One of the objectives of the algorithm is to accurately determine emotions using data extracted via video recordings, focusing on the facial movements of the students. Let’s start by noting that the creators of the algorithm claim not to keep the footage of the children, just the data generated from it i.e the distance between the eyes and the eyebrows. Those emotions captured on film in conjunction with data regarding the student: how long it takes to answer questions, marks and performance history, generates reports and highlights their strengths and weaknesses. The algorithm is also utilized to forecast their grades.
What is used for evaluation?
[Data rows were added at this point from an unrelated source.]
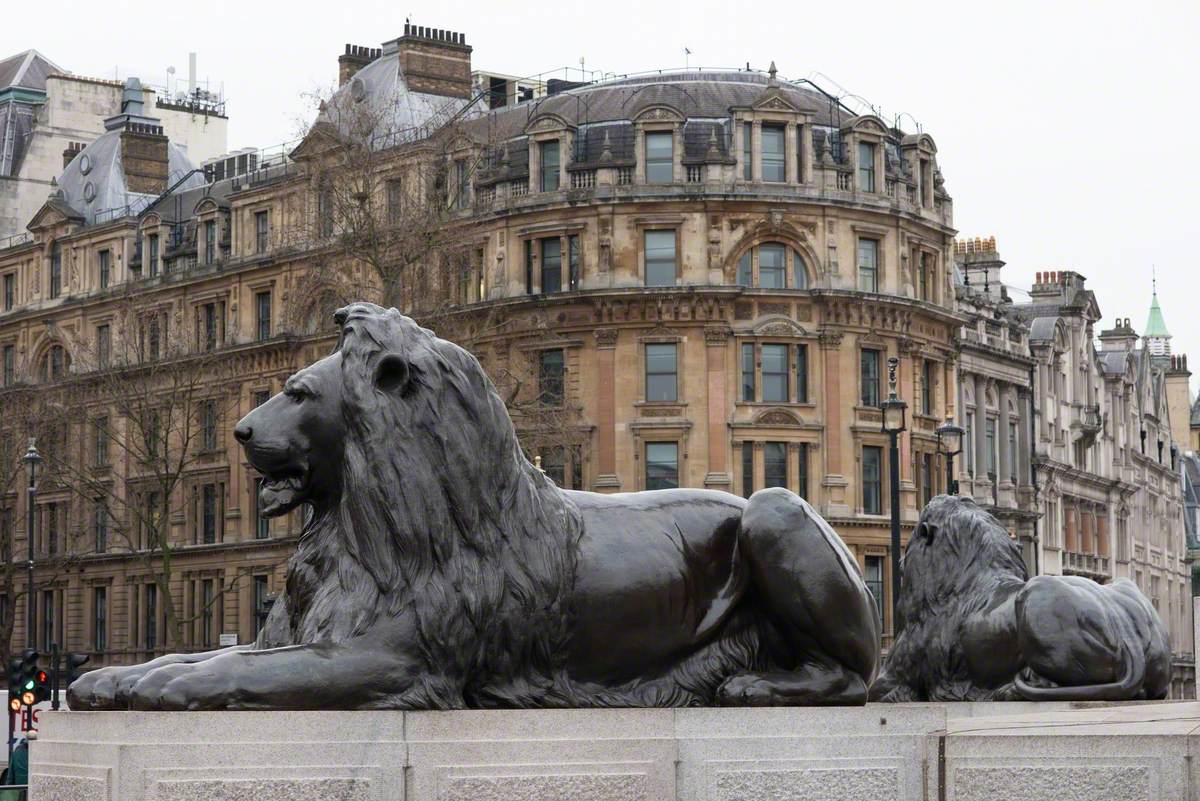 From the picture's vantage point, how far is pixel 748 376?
62531 millimetres

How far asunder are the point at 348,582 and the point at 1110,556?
261 feet

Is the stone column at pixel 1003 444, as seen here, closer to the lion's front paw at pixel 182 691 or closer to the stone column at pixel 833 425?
the stone column at pixel 833 425

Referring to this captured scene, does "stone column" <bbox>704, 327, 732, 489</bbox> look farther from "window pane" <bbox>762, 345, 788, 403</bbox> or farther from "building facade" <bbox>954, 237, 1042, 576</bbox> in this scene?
"building facade" <bbox>954, 237, 1042, 576</bbox>

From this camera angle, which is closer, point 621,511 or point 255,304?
point 621,511

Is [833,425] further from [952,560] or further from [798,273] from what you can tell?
[952,560]

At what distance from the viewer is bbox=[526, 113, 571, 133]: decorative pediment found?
2469 inches

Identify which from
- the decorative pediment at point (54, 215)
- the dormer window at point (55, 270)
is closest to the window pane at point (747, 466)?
the dormer window at point (55, 270)

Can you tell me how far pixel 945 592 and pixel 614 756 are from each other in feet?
17.2

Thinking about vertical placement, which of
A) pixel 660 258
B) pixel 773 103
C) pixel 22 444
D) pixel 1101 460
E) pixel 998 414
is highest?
pixel 773 103

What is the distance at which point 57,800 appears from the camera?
8.55 meters

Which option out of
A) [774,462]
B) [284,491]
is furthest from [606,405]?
[284,491]

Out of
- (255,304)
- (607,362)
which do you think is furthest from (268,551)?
(607,362)

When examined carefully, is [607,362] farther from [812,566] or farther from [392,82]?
[812,566]

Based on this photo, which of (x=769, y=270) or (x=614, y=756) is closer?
(x=614, y=756)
What was the research behind it?
Just like many of these tools, details of how they operate are unknown. Reading through the information provided by the creator company , it is not 100% apparent how the algorithm works and so it is difficult to evaluate what specific inputs are being used for evaluation and the background research that led the company to this method.
Using what is mentioned in the article, it seems like their main point is to utilize the facial expressions of emotions combined with the history of the student (grades are mentioned). Since these tools are built to work on something so important as student’s choices, both made by and made for the student, based upon data outputted via the algorithm i.e. the way they operate, their weaknesses, and how they are improving on them, the evaluation procedure and background research should be very clear and open to the public but as Cathy O’Neil mentions in her informative talk weapons of math destruction , these tools are rarely transparent.
How is it used?
It helps teachers to create personalised tests and assignments based upon the emotional state of the student.
How are they determining value?
Students perform 10 % better in exams if they have used the system. It also detects emotions such as happiness/sadness with a 90 % accuracy, for complex emotions such as confusion and anger, the performance drops to 60-70%.
That’s all for the summary, now, I hope you have as many questions as I did when I finished the article!
First of all, let me state something obvious:
Even if the algorithm accurately detects emotions; that only validates the performance of the model, not the assumption for which it was created. It's extremely short-sighted to think the emotions of students are primarily dependent on their life at school and therefore their mood and academic success can be rectified via alterations to their learning program. Perhaps the student has a negative home life or is a victim of bullying unbeknownst to the school system.
Let me expand upon that:
Testing of artificial intelligence systems that shape our lives needs to be focused on proving the assumptions that inspired them, not on the performance of the metrics that the machine learning algorithms target.
If you look into most articles talking about systems using artificial intelligence, most of the time they make claims using this language: “the algorithm has a 90% accuracy on detecting risky applicants” or “happiness/sadness is detected with 90% accuracy”. Those are metrics that the algorithms optimise for, not metrics or information that substantially help us to understand how including artificial intelligence algorithms are improving a process. How are they making it better? Why are they needed?
We should be seeing other information. For a system like in the above example, I would love to get the following information:
Since the recommendations start to shape the life of the students, what process do they have in place to effectively see that their life will improve? Assuming the recommendations are based on emotions, what do they do when the emotions are not caused by the class itself, but from something outside the class? Are they tracking this and finding ways to improve the system?
Let’s expand on the last point. If we separate the students into two groups:
Group 1: Students whose strong emotions are mainly caused due to the learning experience. Group 2: Students whose strong emotions are mainly caused due to external life circumstances.
Which group would benefit more from the system?
Without a doubt, Group 1. And without a doubt Group 2 will most certainly not benefit to a great degree from the platform. Let’s examine the two possibilities for Group 2:
- The student has a happy life outside class.
Then, the teacher will have no clue when a student is not understanding something unless it has input from other tests. In any case, emotion recognition wouldn’t be beneficial here.
- The student has difficulties outside of class which is producing strong negative emotions.
Here is where things get unfair. Students with acute sadness tend to underperform, and often the root issue must be addressed before any good progress can be made at school. What is the system going to do when these situations happen? Is it going to try to recommend further exercises? I don’t know, but I couldn’t find any guidance on their website that details what process might be in place in these situations.
To elaborate on this, there are two challenges I see on the system:
Number one is that children’s emotions and inner state are not a sole, direct consequence of what happens in the classroom, let alone the fact that the inner state is not always reflected in what our faces show. Their life outside academic study is often much more indicative of their feelings. Even if it is true that the algorithm is “accurately detecting emotions” there will be a huge misunderstanding from the teachers if they assume that difficulties are caused by or can be cured by, adjustments in the class.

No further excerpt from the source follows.